Feature | Portico Magazine | Spring 2025
Inside eye
UCL, Moorfields Eye Hospital NHS Foundation Trust and Moorfields Eye Charity are harnessing the power of their unique partnership to advance the science of sight loss and build a state-of-the art new centre for eye research, education and care.
Below, we meet the leaders, researchers and patients at the heart of this remarkable collaboration.
Each day, 250 people in the UK begin to lose their vision; a distressing, isolating and costly experience for the people directly affected and those who care for them.
Ranked first in Europe for ophthalmology – the clinical specialism centred on the diagnosis and treatment of eye disorders – UCL seeks to translate its academic excellence into real-world impact for all those who shoulder the burden of sight loss.
As part of the ‘Oriel’ partnership with Moorfields Eye Hospital and Moorfields Eye Charity which forms the largest co-located site for eye research, education and care in the world, we are on the cusp of a new era for patients and their loved ones.
Professor Andrew D Dick
Duke-Elder Chair and Director, UCL Institute of Ophthalmology
Professor Mariya Moosajee
Professor of Molecular Ophthalmology, UCL Institute of Ophthalmology
Chris Telesford
Volunteer patient safety partner, Moorfields Eye Hospital
The director | Professor Andrew D Dick
Professor Andrew D Dick is Duke-Elder Chair and Director at the UCL Institute of Ophthalmology, Co-Director of the NIHR Moorfields Biomedical Research Centre (BRC) and a Consultant Ophthalmologist at University Hospitals Bristol NHS Foundation Trust.
Image: Bouygues UK/Simon Harvey.
Image: Bouygues UK/Simon Harvey.
For the last nine years, I’ve had the incredible privilege of leading the Institute of Ophthalmology at UCL.

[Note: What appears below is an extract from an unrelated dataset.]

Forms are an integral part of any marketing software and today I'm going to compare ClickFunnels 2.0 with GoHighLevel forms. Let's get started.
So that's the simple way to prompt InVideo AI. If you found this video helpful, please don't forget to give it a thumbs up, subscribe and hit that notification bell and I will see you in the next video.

It may surprise some that my research passion is immunobiology. At the start of my career, I trained in internal medicine before switching to ophthalmology, as I was then taken aback by how hard it was to find out what was going on in certain conditions.
Where I was at a loss, my colleagues in ophthalmology would sometimes jump in and tell me: “Oh, we can see everything!”. That is the little-known insight that the eye can give you; it is a unique window inside the workings of the human body.
This led to my working as a practising ophthalmologist – as I still am today – when I received the opportunity to join UCL.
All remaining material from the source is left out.